Cellocidin
- Names: Preferred IUPAC name But-2-ynediamide

Identifiers
- CAS Number: 543-21-5;
- 3D model (JSmol): Interactive image;
- ChEBI: CHEBI:51763;
- ChemSpider: 10506;
- ECHA InfoCard: 100.209.940
- EC Number: 684-490-7;
- MeSH: C015739
- PubChem CID: 10971;
- UNII: 1K327HA41T;
- CompTox Dashboard (EPA): DTXSID1060261 ;

Properties
- Chemical formula: C_{4}H_{4}N_{2}O_{2}
- Molar mass: 112.088 g·mol^{−1}
- Density: 1.411 g/mL
- Melting point: 179 °C (354 °F; 452 K)
- log P: −1.2
- Hazards: Occupational safety and health (OHS/OSH):
- Main hazards: Skin irritant; may cause respiratory tract irritation
- Pictograms: GHS07: Exclamation mark
- Signal word: Warning
- Hazard statements: H302
- Precautionary statements: P264, P270, P301+P312, P330, P501
- Flash point: 216 °C (421 °F; 489 K)

= Cellocidin =

Cellocidin (2-butynediamide) is an organic chemical compound with the molecular formula C_{4}H_{4}O_{2}N_{2}. This compound was isolated from Streptomyces chibaensis, Streptomyces reticuli and Streptomyces sp.

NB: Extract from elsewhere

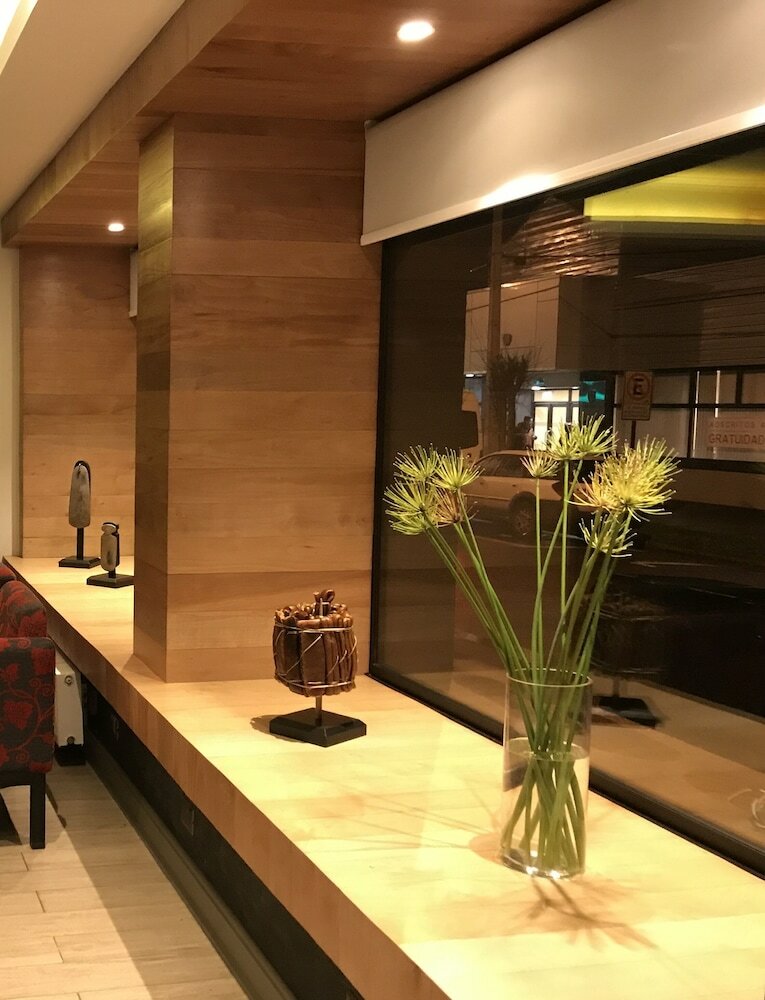 Фото Hotel Turismo Temuco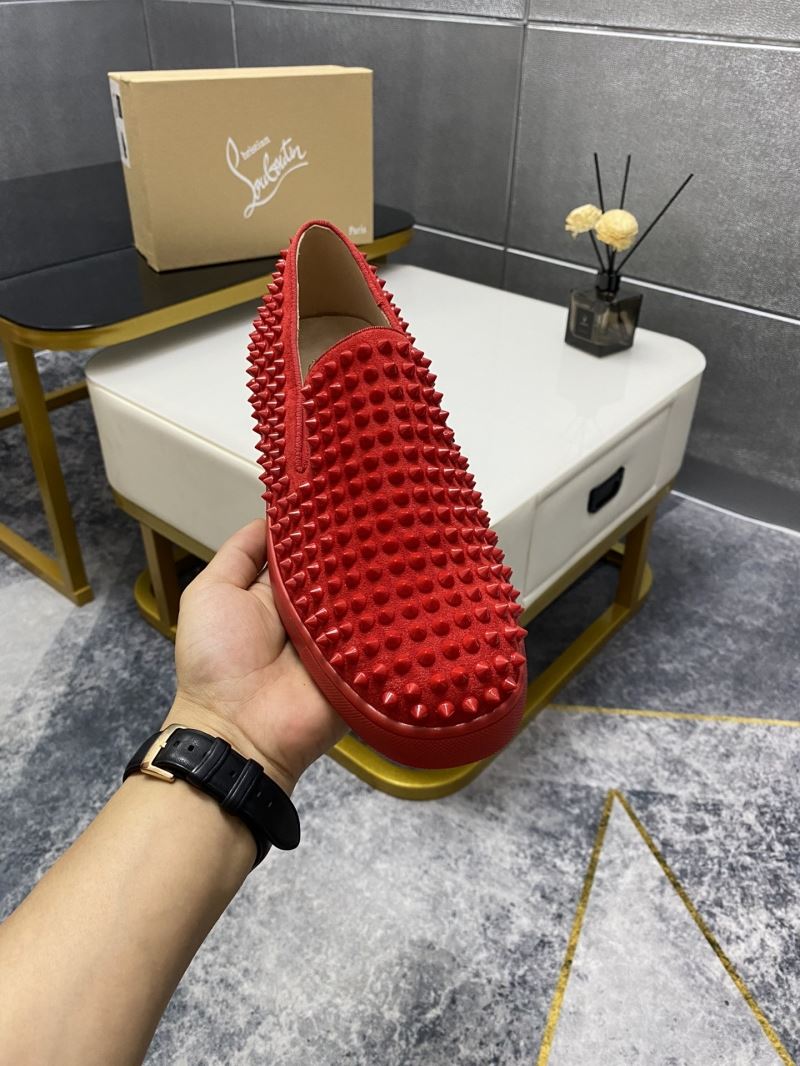 Christian Louboutin Low Shoes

SF-536.

== Structure ==
Cellocidin is an organic compound containing 4 carbon atoms, 4 hydrogen atoms, 2 oxygen atoms, and 2 nitrogen atoms. It contains one carbon-carbon triple bond between carbons 2 and 3, and two carbon-oxygen double bonds off carbon 1 and carbon 4. Cellocidin contains two identical amide groups connected together by the central carbons (carbons 2 and 3).